3. The highlighted statement on top of page 13 about the n-point invariants seems to be an assumption for which some justification has been given. As the authors go on to show later, there is another branch of the correlation functions which give temporal dependence and spatial delta functions. It seems that this statement would not be true for this branch. The authors should clarify this.

4. I am very confused about the description of the higher rank tensor
representations and Young tableaux that is presented in Sec 3.2.2. The vector representation is well worked out and clearly presented. Why do we need to take recourse to SU(4) Young tableau? While composing two SO(3)’s the appearance of SO(4) is of course understandable. But how and why do we need to consider SU(4) in the general representation?
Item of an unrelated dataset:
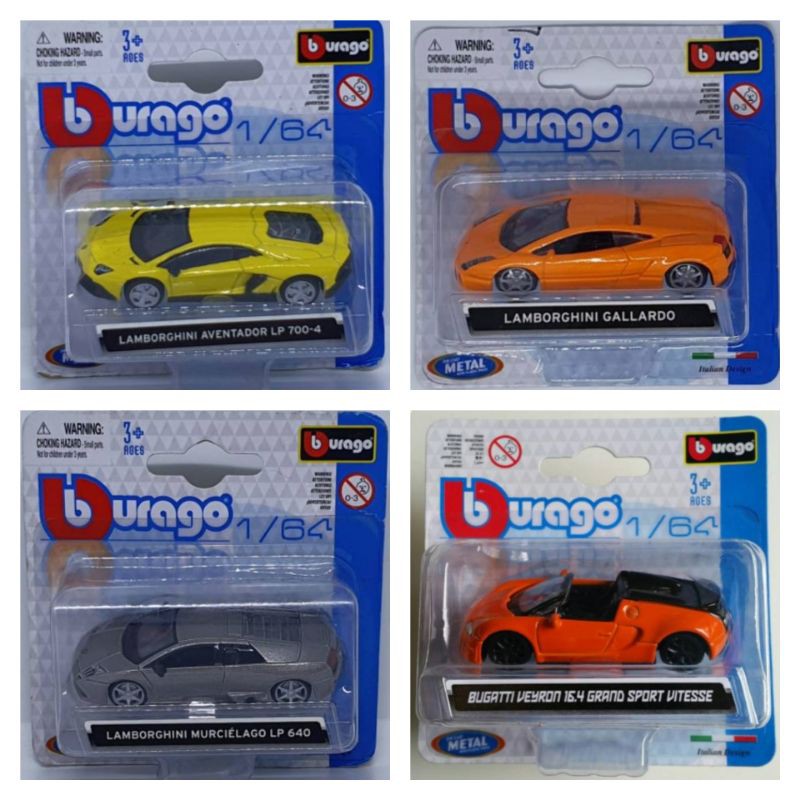 burago cars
5. In Sec 3.5, there is a dual map constructed. It would be good to link this up to the more intuitively obvious geometric duality of the Carroll and Galilean manifolds where two fibre bundle structures are related by an interchange of the base and the fibre.
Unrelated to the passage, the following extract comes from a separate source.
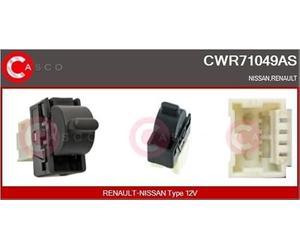 CASCO CWR71049AS Interruttore Alzavetro Renault Group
6. The equation (4.5) is an important set of equations, but it is written in a rather cumbersome way. I think the equations in the appendix B, where the authors work out the two-point function looks much neater. Perhaps one can give equations B.1 in the main text to give the reader a better understanding of what is happening here.

7. Below Eq (4.11), the authors write that the vacuum in the time dependent branch is a factorized one. The delta-function does not have anything to do with a factorized vacuum. Even if one adds a potential, like was done in 2110.02319, the two-point function remains the same. The authors should modify their statements accordingly.

8. This is a general question. It seems that the singlet sector is perhaps the relevant sector for at least some physical applications. Is it possible to restrict to this subsector? Or does one necessarily need to look at these intricate chain and net structures? For the class of Carrollian and Galilean theories that are derived as a limit of relativistic theories, it seems that one should be able to restrict to the singlet sector. This also seems to be the case for the explicit examples that have been considered in the literature. It would be good if the authors could comment about this.

9. Relatedly, it seems in most known examples, the correlations of Carrollian theories give the time dependent branch. Do the authors have some comments on which theories give the branch that they have concentrated on? Is there also a simple example of a Galilean conformal field theory which gives the structures that the authors describe?